Data for analysis: Begin

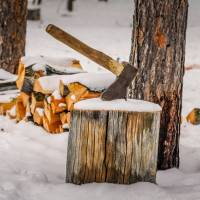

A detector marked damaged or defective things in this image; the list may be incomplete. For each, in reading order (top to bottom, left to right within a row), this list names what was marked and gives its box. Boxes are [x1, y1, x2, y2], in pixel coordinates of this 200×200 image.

rusty metal axe head [101, 61, 138, 101]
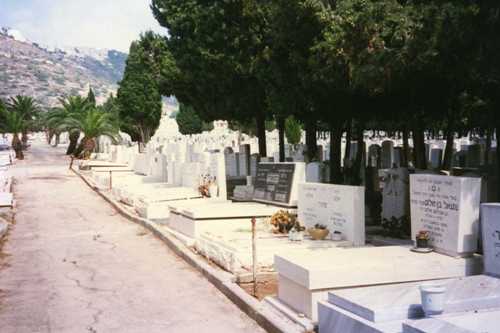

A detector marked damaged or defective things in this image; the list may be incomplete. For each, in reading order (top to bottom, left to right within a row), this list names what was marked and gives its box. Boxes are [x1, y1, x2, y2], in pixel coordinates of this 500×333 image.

cracked pavement [0, 141, 266, 330]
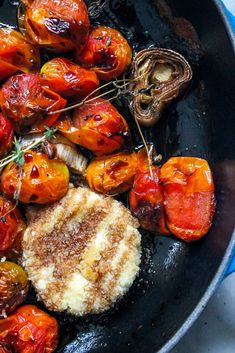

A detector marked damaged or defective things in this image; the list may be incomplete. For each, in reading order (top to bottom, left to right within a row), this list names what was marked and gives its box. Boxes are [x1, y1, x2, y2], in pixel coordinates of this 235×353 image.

charred shallot layer [0, 27, 40, 81]
charred shallot layer [0, 73, 66, 133]
charred shallot layer [17, 0, 90, 53]
charred shallot layer [40, 57, 99, 99]
charred shallot layer [76, 25, 132, 80]
charred shallot layer [129, 47, 193, 126]
charred shallot layer [0, 262, 28, 316]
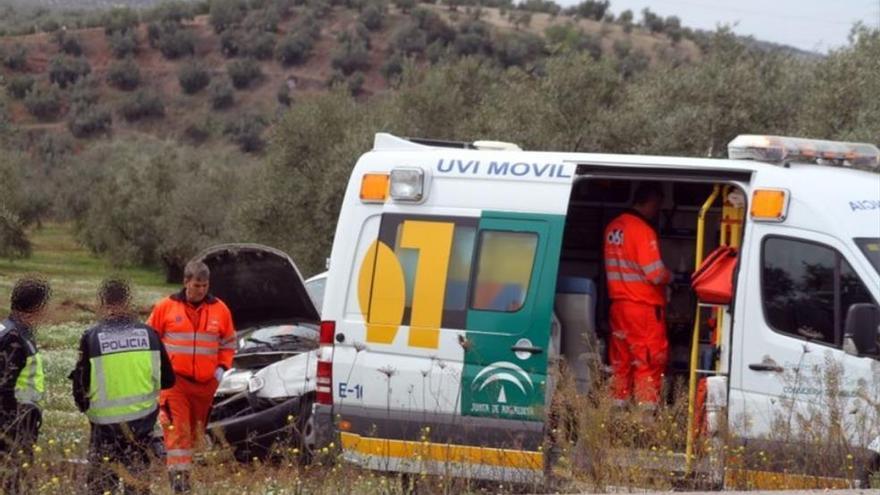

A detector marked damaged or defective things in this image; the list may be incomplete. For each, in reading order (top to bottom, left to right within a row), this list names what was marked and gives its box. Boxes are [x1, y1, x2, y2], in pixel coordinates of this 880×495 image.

crashed dark car [196, 246, 324, 464]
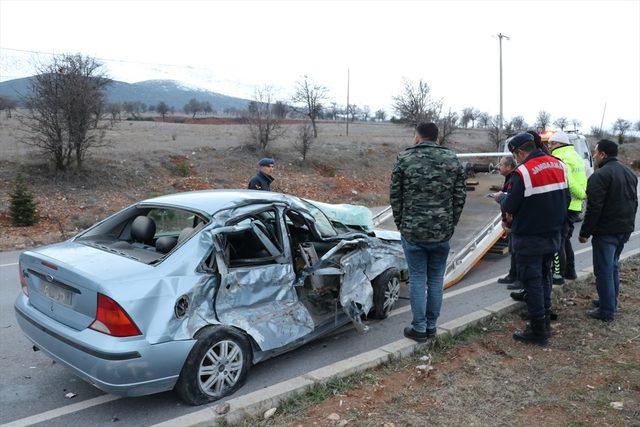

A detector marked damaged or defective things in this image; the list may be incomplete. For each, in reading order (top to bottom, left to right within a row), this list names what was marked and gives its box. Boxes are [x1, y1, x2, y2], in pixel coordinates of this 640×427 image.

severely damaged car [15, 190, 408, 404]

Data for analysis: End

Task requirements
A reply should hold exactly the lines from the one containing "this 640×427 image." through the end of the data above, nothing more.

Your response
A detector marked damaged or defective things in this image; the list may be incomplete. For each, in reading order (top to bottom, left to right within a row), this list names what was marked and gives its box. Boxes are [x1, y1, x2, y2], in pixel coordinates of this 640×427 image.

severely damaged car [15, 190, 408, 404]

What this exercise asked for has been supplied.